## What this task involves
Bring back every record exactly, except for the pictures, which stay out.

Short web captions
+--

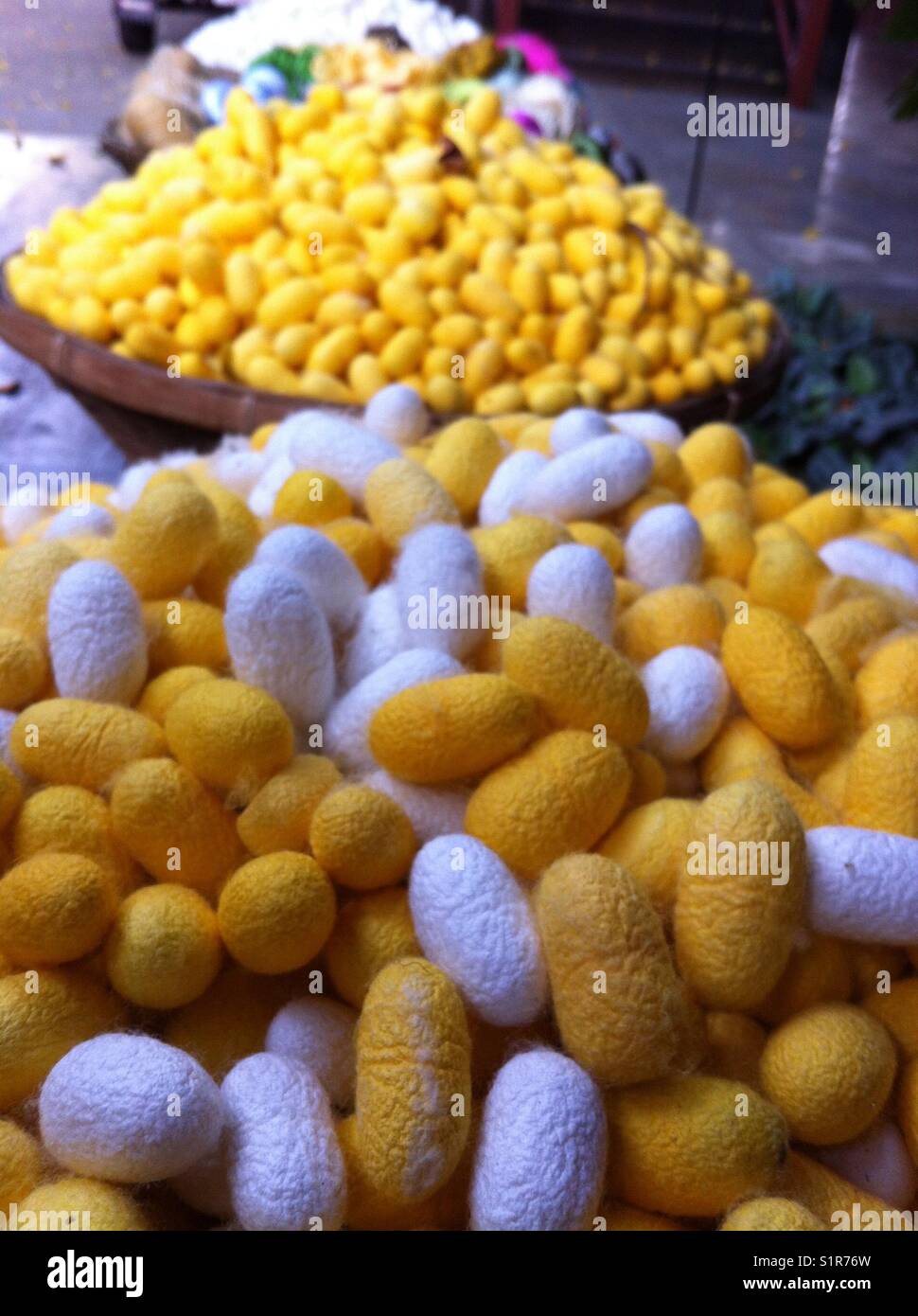 Silkworm cocoons at Jim Thompson House, Bangkok, Thailand. Stock Photo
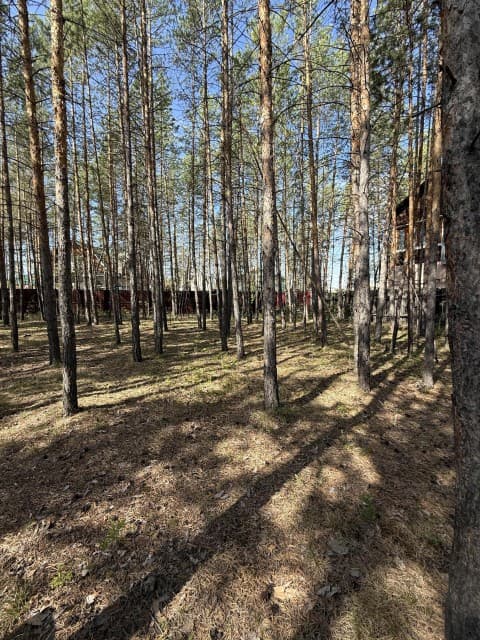 3000 м², земельные участки, продаю 15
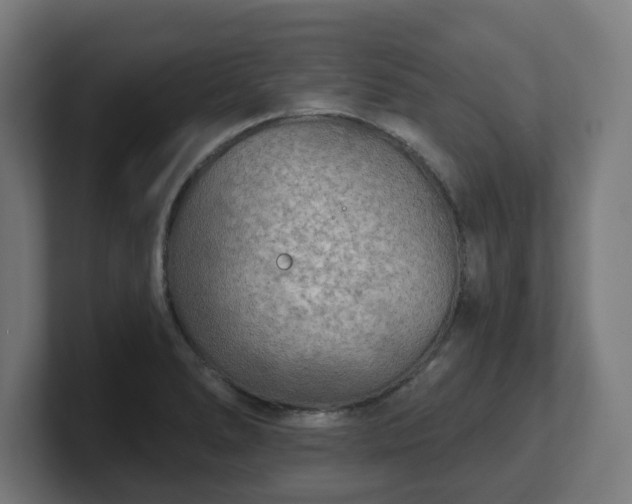 X0000101701278200807171507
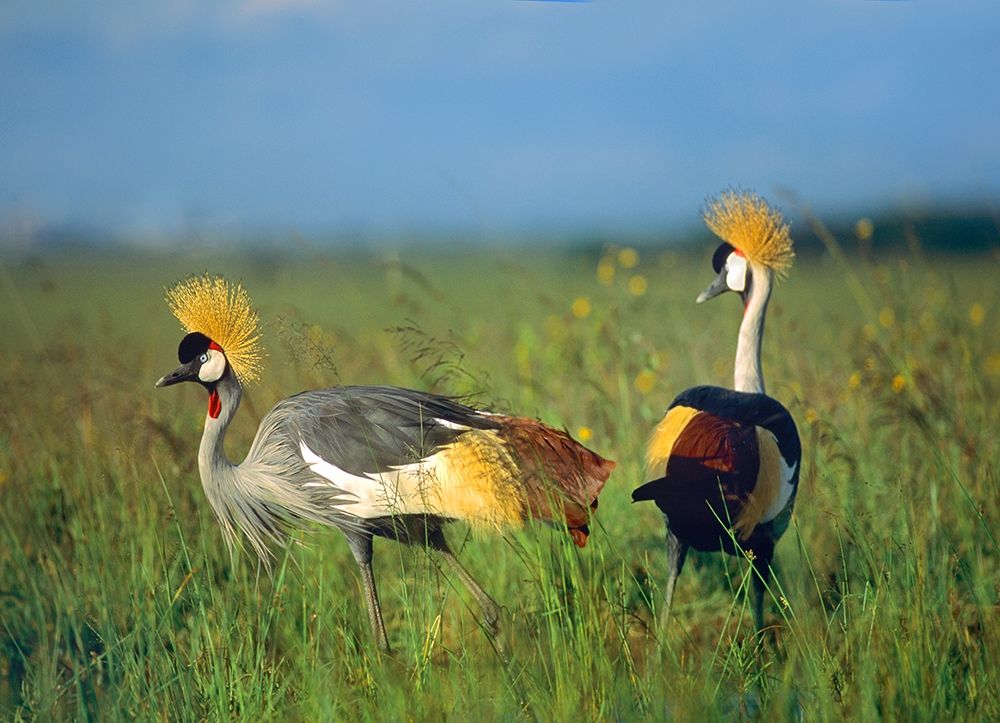 Crowned Cranes-Kenya art print by Tim Fitzharris for $57.95 CAD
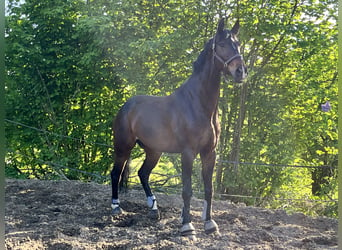 Koń hanowerski, Wałach, 7 lat, 174 cm, Skarogniada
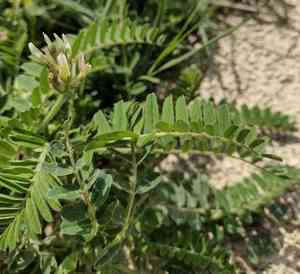 Swedish coffee(Astragalus boeticus)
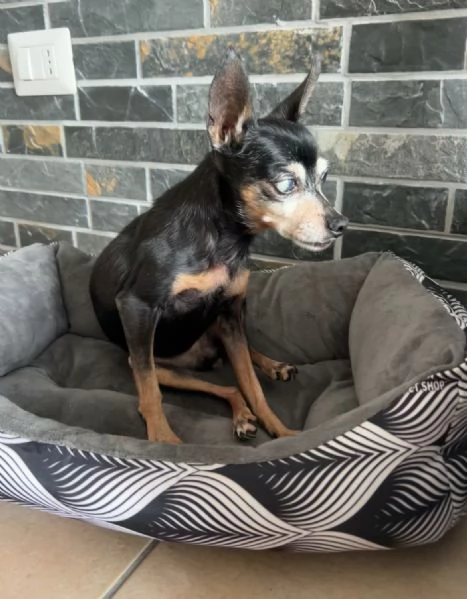 Trilly Pinscher 17 anni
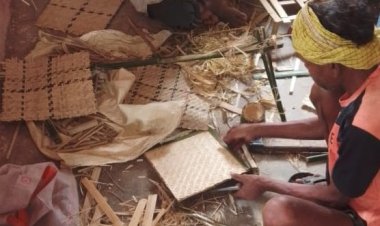 जशपुर में बांस शिल्प का नया अध्याय, आधुनिक प्रशिक्षण से आत्मनिर्भर बनेंगे कारीगर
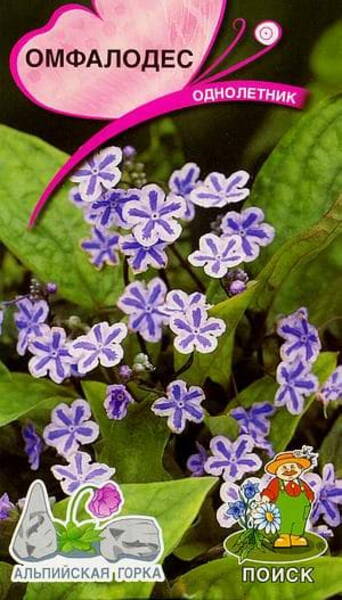 Nabaseemnik linalehine Omphalodes linifolia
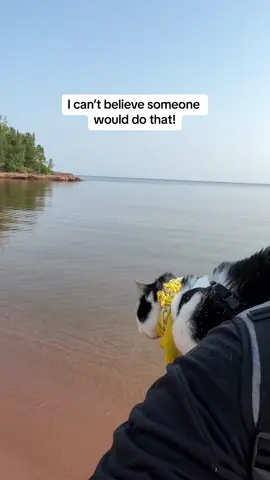 Jack Spicer thinks that was an absolutely ridiculous thing to do. Just splashing and jumping into an infinitely huge bath like that! #cat #cats #tuxedocat #catlovers #catvideos #kittycat #catwalk #catsoftiktok #funnyvideos #funnycat  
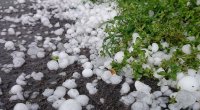 FAKTİKİ HAVA: Kəlbəcərə dolu düşüb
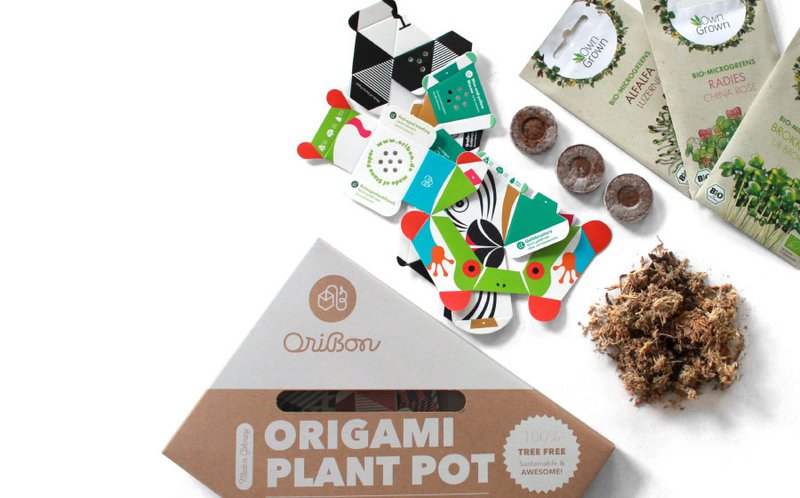 Urban Jungle Kit - Collectie regenwouddieren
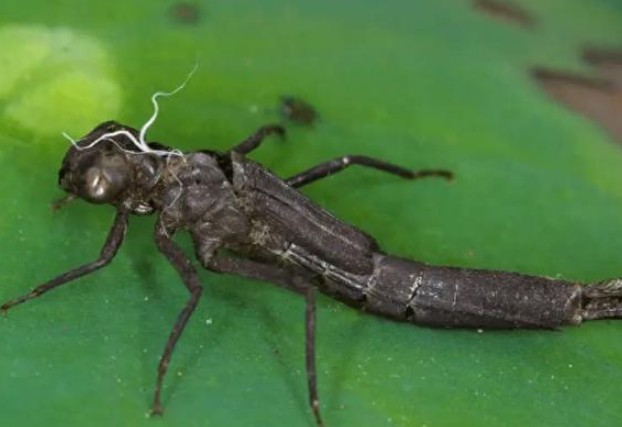 Nó là bậc thầy diệt muỗi, tiêu diệt 3.000 con muỗi mỗi năm, nhưng lại đang bị con người bắt số lượng lớn làm món ngon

+--

## Final answer
 Silkworm cocoons at Jim Thompson House, Bangkok, Thailand. Stock Photo
 3000 м², земельные участки, продаю 15
 X0000101701278200807171507
 Crowned Cranes-Kenya art print by Tim Fitzharris for $57.95 CAD
 Koń hanowerski, Wałach, 7 lat, 174 cm, Skarogniada
 Swedish coffee(Astragalus boeticus)
 Trilly Pinscher 17 anni
 जशपुर में बांस शिल्प का नया अध्याय, आधुनिक प्रशिक्षण से आत्मनिर्भर बनेंगे कारीगर
 Nabaseemnik linalehine Omphalodes linifolia
 Jack Spicer thinks that was an absolutely ridiculous thing to do. Just splashing and jumping into an infinitely huge bath like that! #cat #cats #tuxedocat #catlovers #catvideos #kittycat #catwalk #catsoftiktok #funnyvideos #funnycat  
 FAKTİKİ HAVA: Kəlbəcərə dolu düşüb
 Urban Jungle Kit - Collectie regenwouddieren
 Nó là bậc thầy diệt muỗi, tiêu diệt 3.000 con muỗi mỗi năm, nhưng lại đang bị con người bắt số lượng lớn làm món ngon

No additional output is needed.